To play with it, go to the repository root, and do

bazel run ego-demo

This spins up a simple echo service as upstream for all requests, an HMAC authentication provider sidecar, and the Envoy proxy configured to showcase the Go-based filters provided with this demo.

curl -iX GET 'http://127.0.0.1:8080/Hello,world!'

Note the X-Getheader-Result in the response which was injected into the request by the getheader filter

curl -iX GET 'http://127.0.0.1:8080/hmac/unsigned' -H 'Authorization: client_id:123'

This should produce a 401 Unauthorized response

curl -iX GET 'http://127.0.0.1:8080/hmac/unsigned' -H 'Authorization: client_id:17'

The expectation would be a 200 OK response.

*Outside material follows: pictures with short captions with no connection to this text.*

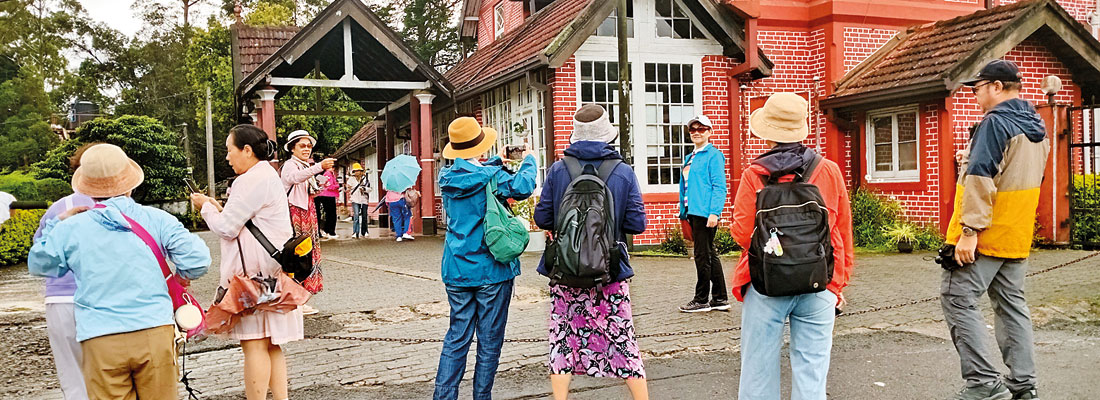 Nuwara Eliya’s Spring Festival takes off under a cloud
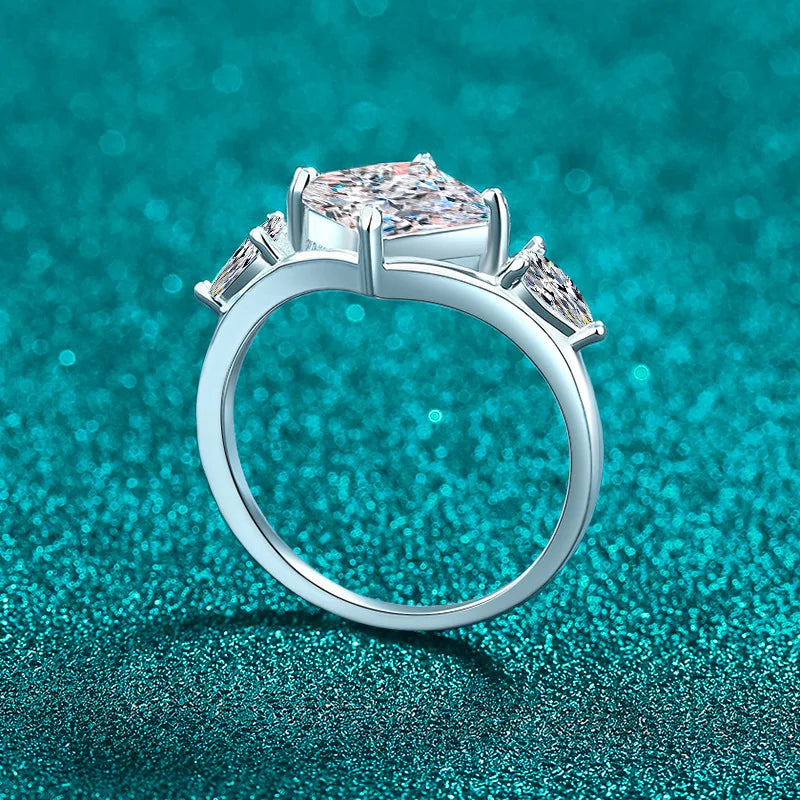 Kite-Set Three-Stone Ring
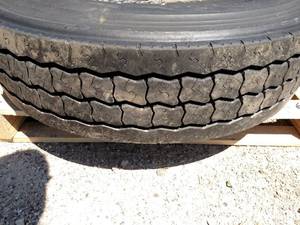 lot 62 image: Recap 29575R22.5 Tire on Hub Pilot...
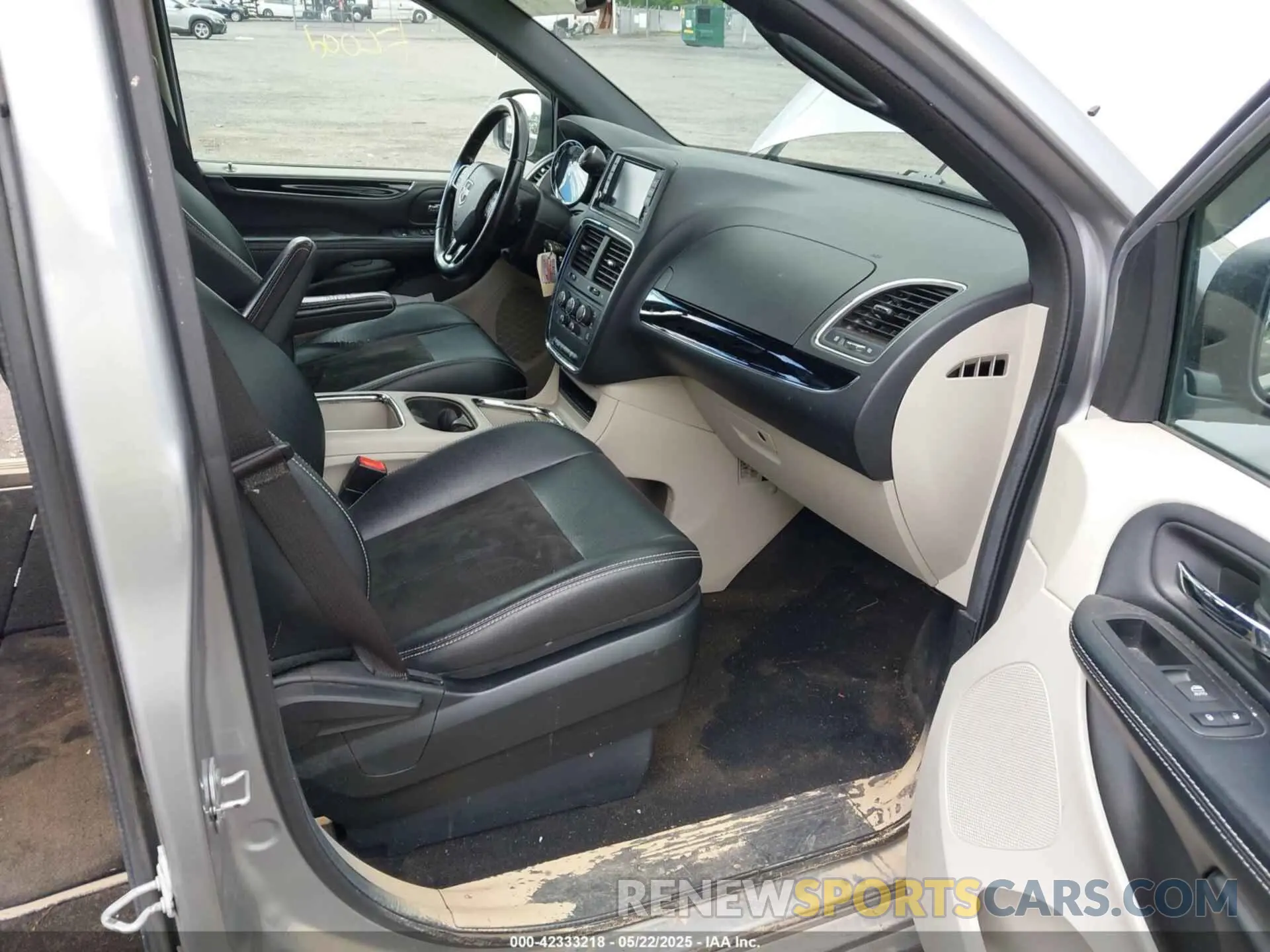 5 Photograph of a damaged car 2C4RDGCG8KR771084 DODGE GRAND CARAVAN 2019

curl -iX GET 'http://127.0.0.1:8080/hmac/signed' -H 'Authorization: client_id:15'

This should also result in a 200 OK response, and a x-custom-auth-signature-hmac-sha256: 200_nnn response header (which clearly isn't the SHA256 HMAC but just the status code with the length of the response body appended).

Tinkering

The Go code is integrated with bazel via rules_go. The bazel rules areautomatically generated by gazelle, and interfaces mocks are generated via mockery.

Running Tests

The EGo interface layer still deserves a bit more rigorous testing, only some mind-numbing permutation testing for the most critical pieces has already been implemented so far, please budget a couple of minutes for this to run.

bazel test //ego/...

Since the HMAC filter is a gutted version of a more elaborate thing, coverage is relatively good (although not very pretty to read).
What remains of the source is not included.